In the 20th century during Prohibition, local wits named the Boones Mill area as the “Moonshine Capital of the World,” as moonshine production and bootlegging drove the economy. Historians estimate that in the 1920s, 99 of every 100 Franklin County residents were in some way involved in the illegal liquor trade. The bootleggers became involved with gangsters from Chicago and other major cities, and some local law enforcement officials were part of the criminal activities and killing of competitors. Between 1930 and 1935 local still operators and their business partners sold a volume of whiskey that would have generated $5.5 million in excise taxes at the old 1920 tax rate. A lengthy federal investigation resulted in indictments and trials for 34 suspects in 1935 for what was called the “Great Moonshine Conspiracy,” which attracted national attention. The writer Sherwood Anderson was among the many outsiders who came to cover the trial. At what was then the longest trial in state history, 31 people were convicted. Their jail sentences, however, were relatively light.
This period has recently received new attention by writers. T. Keister Greer’s history The Great Moonshine Conspiracy Trial of 1935 (2002) covered the trial and its background in the county. The writer Matt Bondurant had ancestors in the area, whose exploits during this period inspired his historical novel, The Wettest County in the World (2008). The book was adapted as a film, Lawless, in 2012.
Moonshine remained an underground, illegal, yet romantic trade through much of the 20th century, until it found a new legal approval at the tail-end of the century. Now, legal moonshine distillers can be found all over the South and beyond — yet each lack the historical tradition found in Boones Mill, the moonshine seat of Franklin County. It’s actually quite surprising that Boones Mill has yet to have a legal moonshine business that builds on this history and tradition, but that just changed with Franklin County Distilleries.

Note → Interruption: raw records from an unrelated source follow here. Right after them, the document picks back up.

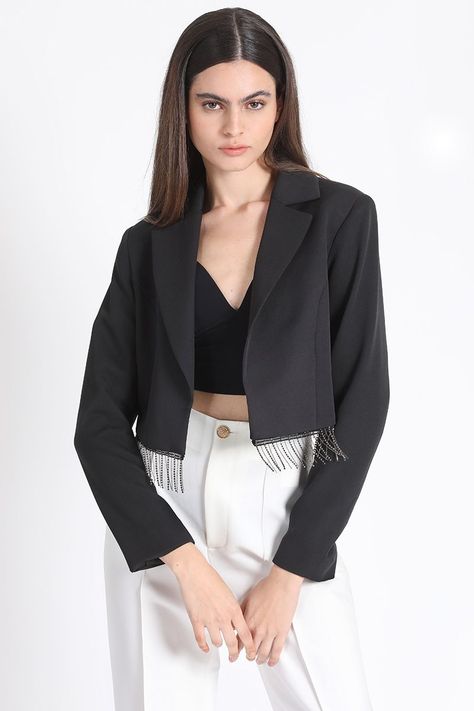 Blazer Crop Flecos Strass, Negro Liola-5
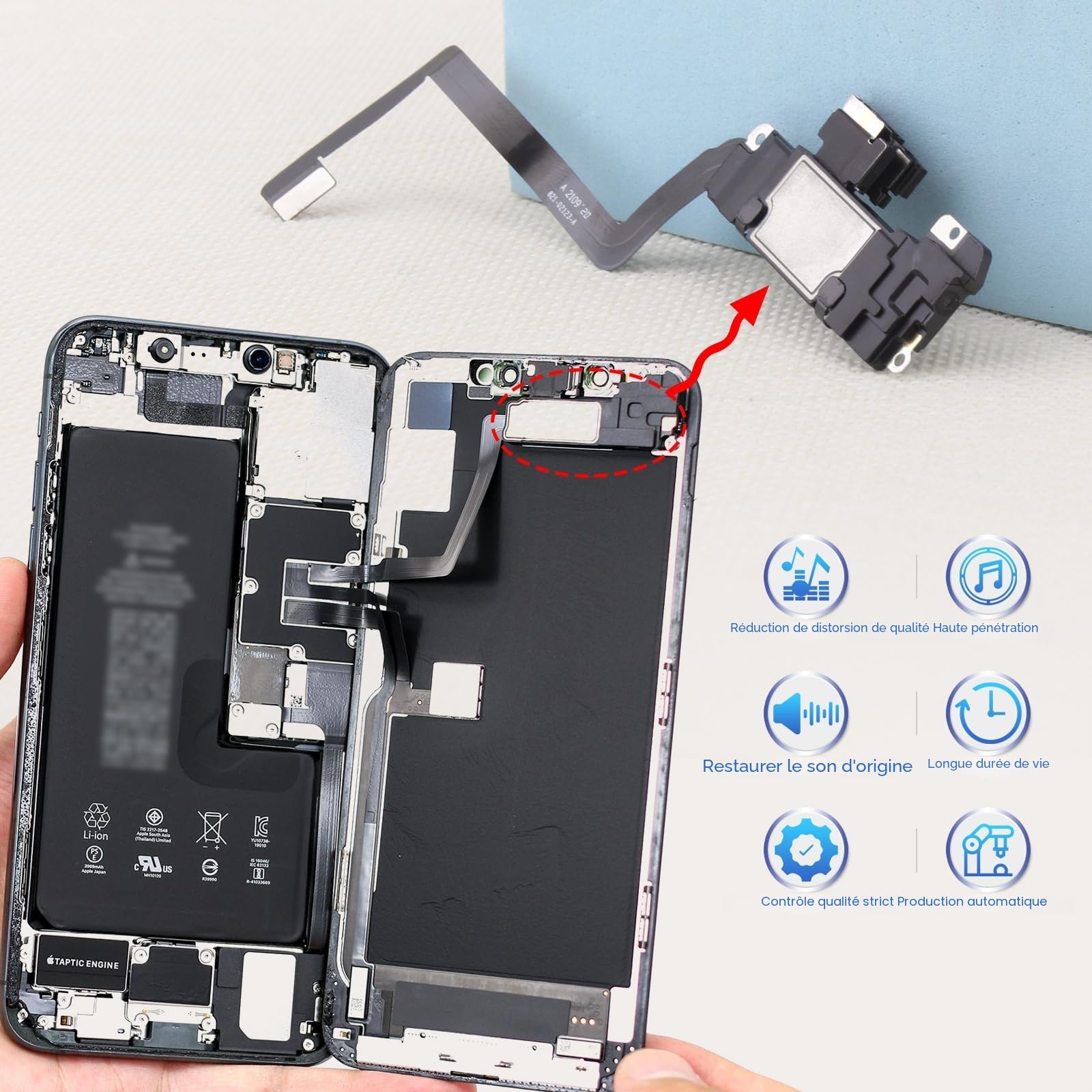 RongZy Haut-Parleur Remplacement pour Apple iPhone 11 Speaker Sonnerie De Réparation,avec Outils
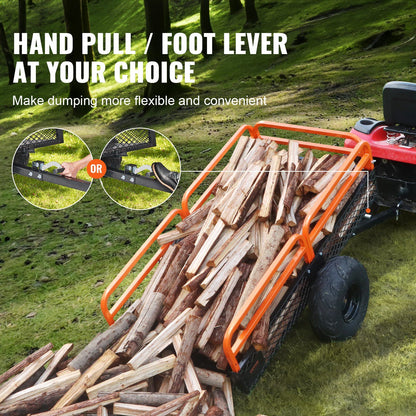 VEVOR Heavy Duty Steel ATV Dump Trailer, 1500-Pound Load Capacity 15 Cubic Feet, Tow Behind Dump Cart Garden Trailer, with Removable Sides and 2 Tires, for Mowers, Tractors, ATV, UTV - Discount Msrp 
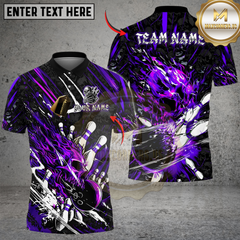 Maxcorners Bowling And Pins Flame Skull Strike Multicolor Customized Name, Team Name 3D Shirts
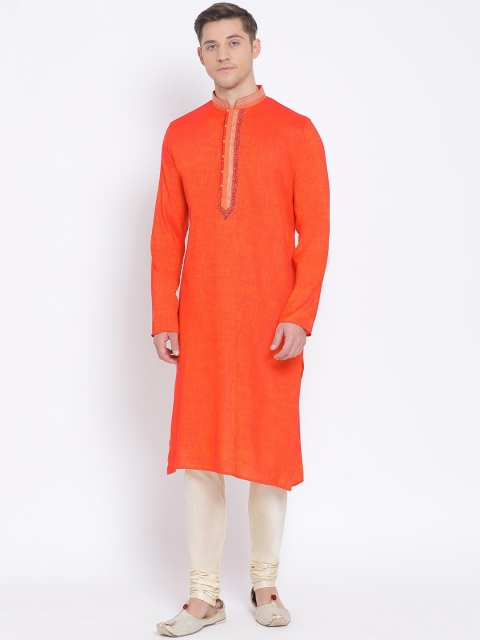 

NAMASKAR Men Red & Orange Silk Kurta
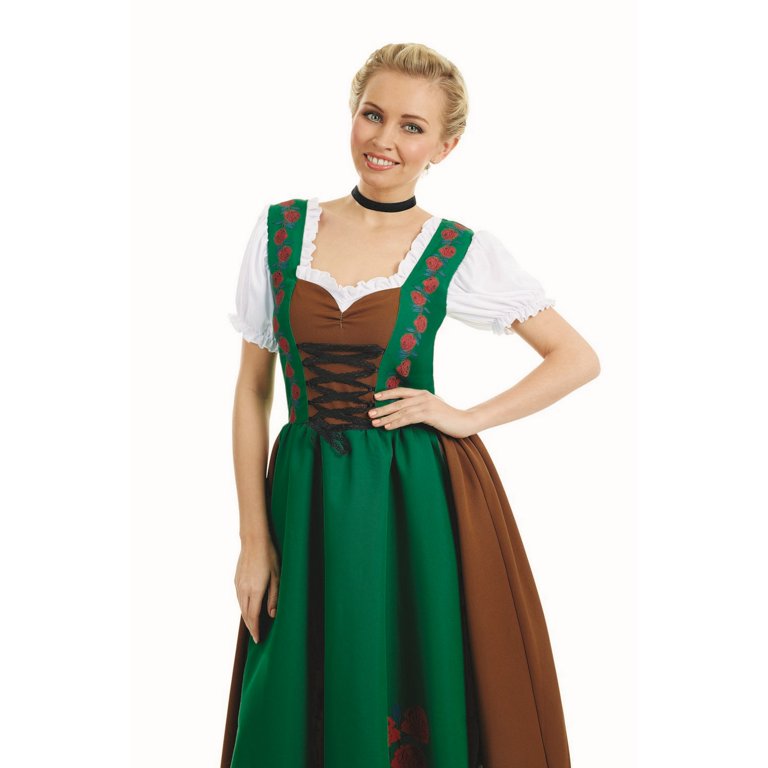Fun Shack Womens Bavarian Beer Girl Costume Ladies Lederhosen Dirndl Fancy  Dress Halloween Green XL - Walmart.com
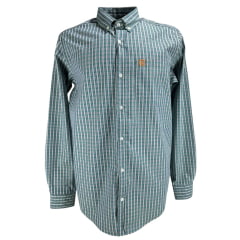 Camisa Masculina TXC Manga Longa Regular Tricoline Xadrez Verde Com Logo Bordado Laranja No Bolso Ref:29267L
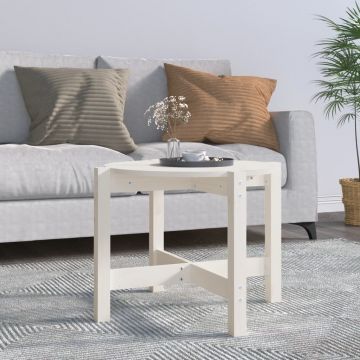Gossi masuta de cafea, alb, Ø 62,5x45 cm, lemn masiv de pin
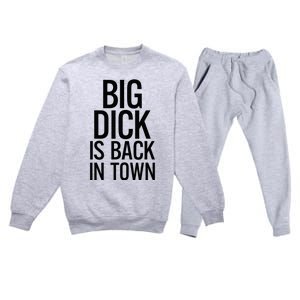 Big Dick Is Back In Town Funny Humor Sarcasm Premium Crewneck Sweatsuit Set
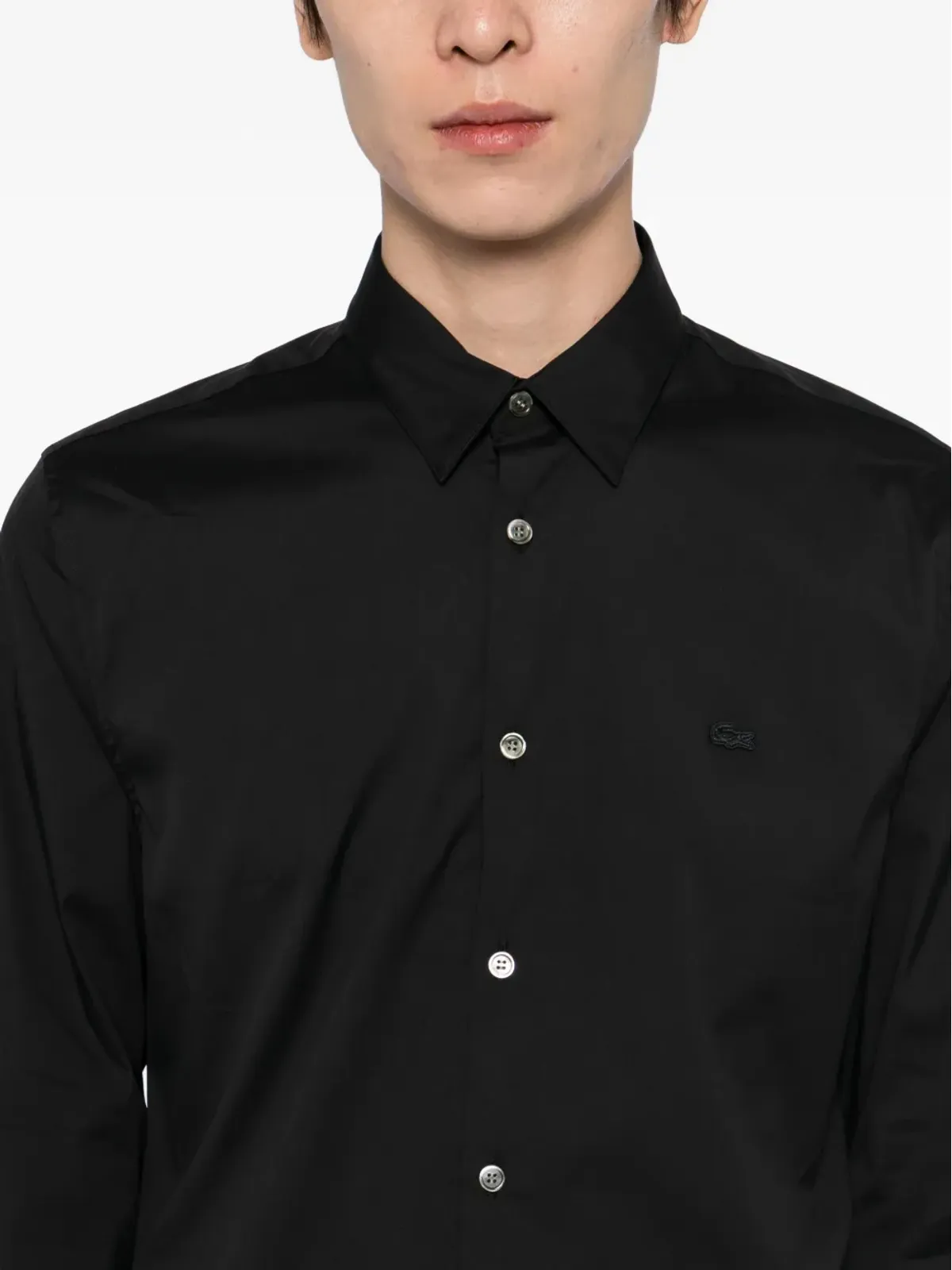 Lacoste ロゴアップリケシャツ - Black - 画像5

Steeped in history and tradition and rooted in quality local craftsmanship, the brand for FCD is strong. As Boones Mill wakes up from its sleepy town moniker, it finds itself perfectly positioned in a customer-rich market location, torch-bearers of a brand that generations already hold dear. Just down the road, Martinsville hums as a hotbed for NASCAR, a sport birthed from the transport of illegal corn liquor, and which attracts a large fan base that cherishes the history from which it sprung. But the real story is what’s happening here — in the cultural chokepoint of Franklin County: Boones Mill, Virginia.
Boones Mill is booming — both in small business and community. The small town — well-positioned in hyper-close proximity to both Roanoke, Rocky Mount, and I-81 — is experiencing a renaissance, if you will, with the appearance of myriad new small businesses, including Hammer & Forge Brewery, Inkular Gallery, Wooden Spoon Café, and FCD. Also booming is a healthy stable of rising, established businesses such as Chaos Mountain Brewing and Holly Jo’s Creekside Grill.
With all that said, a progressive and available Town Manager, Mayor, and Town Council are adding a motivating support to the development of the new age and identity of Boones Mill. We are blessed and lucky to be here and now. Boones Mill is truly “Your Blue Ridge Gateway,” and is quickly becoming a destination with its export of its most significant local heritage product: legal moonshine.